#### Problem description:
Transcribe the rest of the listing below, starting with the line that contains "لوحات الفنان المصري العالمي محمود سعيد" and ending with the last line, exactly as written.

#### Information supplied:
▼

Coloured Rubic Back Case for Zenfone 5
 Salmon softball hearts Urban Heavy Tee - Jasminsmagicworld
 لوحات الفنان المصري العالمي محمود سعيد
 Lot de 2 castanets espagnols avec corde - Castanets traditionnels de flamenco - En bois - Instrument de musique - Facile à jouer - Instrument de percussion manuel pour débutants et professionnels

▲

#### Result for this exercise:
 لوحات الفنان المصري العالمي محمود سعيد
 Lot de 2 castanets espagnols avec corde - Castanets traditionnels de flamenco - En bois - Instrument de musique - Facile à jouer - Instrument de percussion manuel pour débutants et professionnels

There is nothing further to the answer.